(Extracted records)
* * * * *
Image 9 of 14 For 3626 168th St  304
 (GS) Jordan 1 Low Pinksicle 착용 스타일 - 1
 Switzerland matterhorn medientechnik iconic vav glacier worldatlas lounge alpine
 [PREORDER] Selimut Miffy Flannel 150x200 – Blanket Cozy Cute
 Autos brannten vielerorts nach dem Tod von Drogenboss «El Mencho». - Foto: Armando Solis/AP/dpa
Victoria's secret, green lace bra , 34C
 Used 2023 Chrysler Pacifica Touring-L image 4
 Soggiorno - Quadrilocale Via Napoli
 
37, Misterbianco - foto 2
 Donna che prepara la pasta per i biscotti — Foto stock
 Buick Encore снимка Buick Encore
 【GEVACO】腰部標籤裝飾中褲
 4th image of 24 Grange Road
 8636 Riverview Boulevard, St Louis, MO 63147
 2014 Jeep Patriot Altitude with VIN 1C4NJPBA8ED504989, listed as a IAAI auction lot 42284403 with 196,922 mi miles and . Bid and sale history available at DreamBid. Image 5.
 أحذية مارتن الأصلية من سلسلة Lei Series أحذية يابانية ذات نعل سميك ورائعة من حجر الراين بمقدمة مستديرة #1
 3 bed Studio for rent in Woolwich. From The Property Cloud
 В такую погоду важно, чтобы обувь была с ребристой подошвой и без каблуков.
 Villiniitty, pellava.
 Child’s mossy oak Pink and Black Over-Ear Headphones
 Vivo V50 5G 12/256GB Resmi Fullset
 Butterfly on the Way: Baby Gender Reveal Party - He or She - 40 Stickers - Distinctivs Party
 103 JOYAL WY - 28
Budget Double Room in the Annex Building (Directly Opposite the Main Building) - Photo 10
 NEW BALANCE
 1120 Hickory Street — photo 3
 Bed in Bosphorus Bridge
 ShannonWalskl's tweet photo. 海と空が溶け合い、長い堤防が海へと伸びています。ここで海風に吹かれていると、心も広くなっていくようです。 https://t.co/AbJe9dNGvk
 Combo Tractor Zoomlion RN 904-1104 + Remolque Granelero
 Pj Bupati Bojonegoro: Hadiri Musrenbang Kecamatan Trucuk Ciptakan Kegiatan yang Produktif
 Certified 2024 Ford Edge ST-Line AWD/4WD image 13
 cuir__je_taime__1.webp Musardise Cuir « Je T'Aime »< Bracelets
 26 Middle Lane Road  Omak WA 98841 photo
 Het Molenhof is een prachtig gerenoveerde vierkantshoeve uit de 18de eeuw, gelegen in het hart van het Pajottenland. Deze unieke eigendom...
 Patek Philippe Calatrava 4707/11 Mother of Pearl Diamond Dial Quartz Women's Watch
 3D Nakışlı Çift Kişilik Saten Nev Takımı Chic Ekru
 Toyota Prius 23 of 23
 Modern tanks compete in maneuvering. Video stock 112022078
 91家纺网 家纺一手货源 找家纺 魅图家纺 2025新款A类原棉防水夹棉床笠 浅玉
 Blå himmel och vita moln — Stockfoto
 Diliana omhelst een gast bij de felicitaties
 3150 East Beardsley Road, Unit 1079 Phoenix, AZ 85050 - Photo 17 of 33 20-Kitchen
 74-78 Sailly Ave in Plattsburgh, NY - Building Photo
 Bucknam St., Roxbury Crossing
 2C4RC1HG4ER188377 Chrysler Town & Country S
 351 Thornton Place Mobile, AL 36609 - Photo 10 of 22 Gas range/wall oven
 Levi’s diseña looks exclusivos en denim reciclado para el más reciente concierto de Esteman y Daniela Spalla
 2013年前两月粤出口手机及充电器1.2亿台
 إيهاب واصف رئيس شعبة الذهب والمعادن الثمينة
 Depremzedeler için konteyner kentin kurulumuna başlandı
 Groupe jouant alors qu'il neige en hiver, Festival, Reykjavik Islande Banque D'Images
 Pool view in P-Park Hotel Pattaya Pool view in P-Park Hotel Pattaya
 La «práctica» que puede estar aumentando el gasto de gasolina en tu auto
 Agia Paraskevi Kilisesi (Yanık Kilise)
* * * * *
• [Problem requirements] From the entries above, write out only the lines starting at the line that holds "Combo Tractor Zoomlion" and ending at the line that holds "26 Middle Lane", keeping both and matching them exactly.

• [Result for this task]
 Combo Tractor Zoomlion RN 904-1104 + Remolque Granelero
 Pj Bupati Bojonegoro: Hadiri Musrenbang Kecamatan Trucuk Ciptakan Kegiatan yang Produktif
 Certified 2024 Ford Edge ST-Line AWD/4WD image 13
 cuir__je_taime__1.webp Musardise Cuir « Je T'Aime »< Bracelets
 26 Middle Lane Road  Omak WA 98841 photo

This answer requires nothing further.